"Come, Bari!"
The phantom took my hand, drew my arm out of the silver loops.
"Your body is about to die, I know," she said. "But it has vital power enough for this last task. For the secret you gave me can aid us. Follow me!"
Her hand was suddenly cool and real in mine. She tugged again, and I stepped toward her, out of those metal coils—as easily as if they had turned to smoke.
I could see again! The dark-gleaming mirror beneath; the white robots sprawled upon it; the lax, twisted forms of Verel and Kel. I could see the woman beside me—the dark wealth of her red-glinting hair, the wide violet eyes of Dona and Dondara.
"We must hasten, Bari," she urged anxiously. "Or he will drop your body and the Stone into the mirror.
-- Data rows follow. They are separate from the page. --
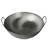 文件MD5修改工具 v1.0.1 官方版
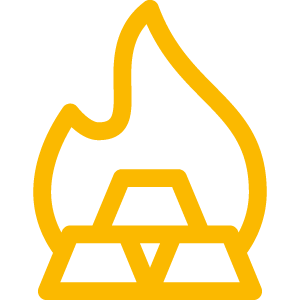 Betonstahl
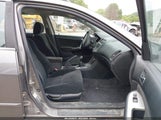 HONDA ACCORD 2.4 EX 1HGCM55736A109626 снимка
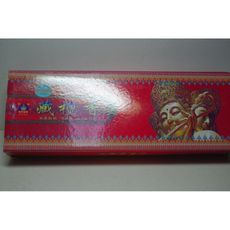 西藏產藏檀香天然保健尼木藏香(長28公分) -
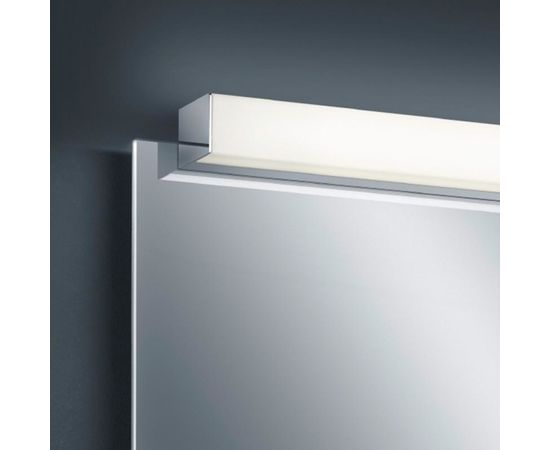 Настенный светильник Helestra LADO 18/1812.04, фото 2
Not even the power you gave me can reach him from outside the universe!"
We turned toward Malgarth, towering in the red gloom beyond that ebon film. His giant body swayed back in grotesque triumph, and the vast blue masses of his compound eyes were fixed upon something behind us.
Suddenly, queerly, as the hand of the woman tightened on mine, I was no longer Barry Horn. I was the Bari Horn that the legend had made me. All the knowledge that had gone into the building of Malgarth was a reservoir that I could tap.
Before me, strangely, just as I had seen it in that crystal-domed laboratory, was the brain of Malgarth. Black, vast, deeply convoluted, floating in a transparent tank. I saw the little pale spot upon its blackness. I knew the structural weakness in the synthetic brain, that I, Bari Horn, had been laboring to correct—and, at the urging of Dondara Keradin, had left uncorrected.